Le monastère est-il habité ? Jamais la porte n’a été entr’ouverte ; jamais on n’y a entendu une prière, ni le son d’une cloche ; une sainte a muré sur elle les portes du saint lieu. C’est une fille de roi que l’ennui de la terre a saisie dès le berceau. Sa douce haleine de vierge purifie au loin le monde. Elle a juré de n’avoir pour époux que Jésus-Christ ; jamais serment ne fut plus sincère.

Ce jour-là, arrive un cavalier au galop de sa noire haquenée saxonne. Sur la tête un casque d’or, sur les épaules un manteau rouge. Il frappe à la porte du monastère : « Ouvrez, dit-il, je suis un pénitent blessé ; j’apporte des nouvelles du Calvaire, je viens de saluer Bethléem et Nazareth. Ma sœur, je vais périr, si vous tardez encore. Souvenez-vous du bon Samaritain. » Et il montrait de larges blessures ; il serrait sur sa poitrine un crucifix.
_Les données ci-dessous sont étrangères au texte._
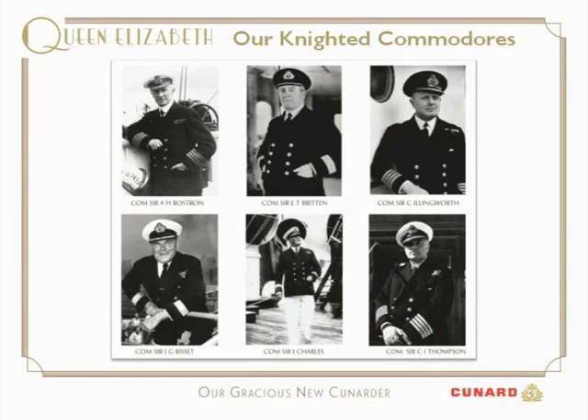Among them is Commodore Sir Arthur Rostron — the captain who took the little ship Carpathia as fast as he possibly could across the ice fields in the dark to rescue all the survivors of the Titanic on that fateful night in April 1912.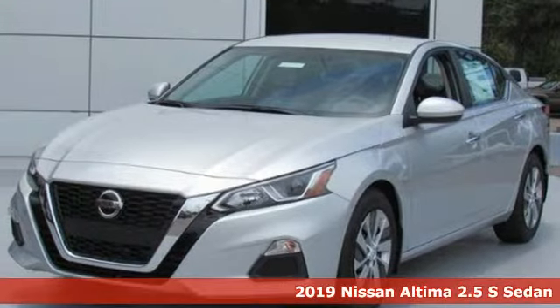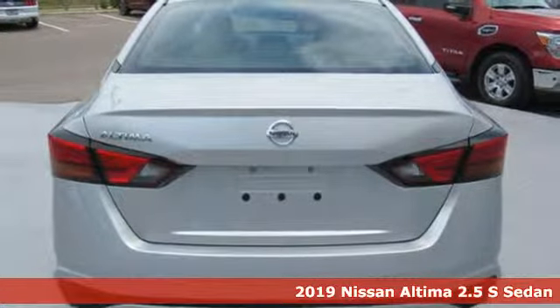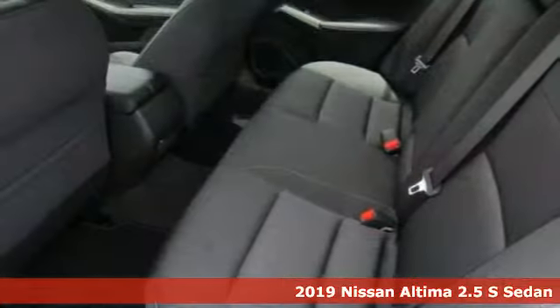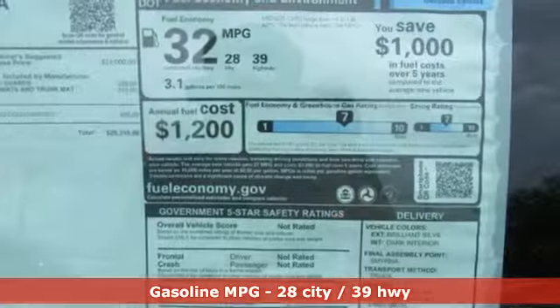It's a new 2019 Nissan Altima. Iconic style meets head-turning craftsmanship for a sedan that actually keeps up with your expectations. A great vehicle is comprised of great features like these.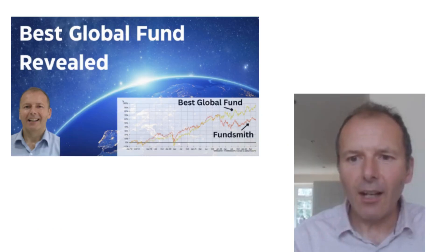The L&G Global 100 is a great fund and its ongoing charges fee is lower than most global trackers. But if you want a fund that can really supercharge your portfolio, I highly recommend you check out the video which explains the best global fund I've ever found in over a year and a half of looking.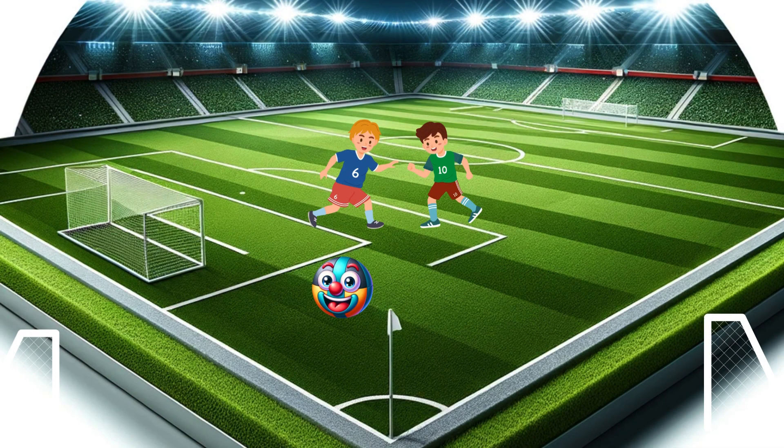Next up is ball. B-A-L-L. Ball. We play with a ball. Can you bounce an imaginary ball with me? Bounce!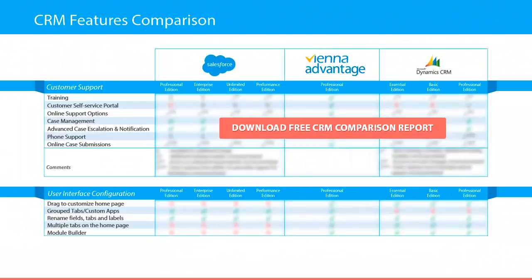Customer support is an important aspect when selecting a CRM system. If the support is not included in the subscription fee, it might have a high impact on your overall maintenance cost. In this report you'll find out which CRM provides training, customer self-service portal, online support options, case management, advanced case escalation and notification, phone support, and online case submissions.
La porte murée se descelle, le cavalier entre à travers les décombres.

La nuit est venue, une nuit de l’Érèbe, épaisse, sillonnée d’éclairs. La vierge blanche, sainte, se jette sur son lit plus blanc que l’aubépine en fleur, et s’endort, la tête sur son coude. Mais agitée, inquiète, elle a oublié de faire le signe de la croix au pied du crucifix. L’enfer veille et l’a vue ! il a dit : C’est bien ! elle est à moi !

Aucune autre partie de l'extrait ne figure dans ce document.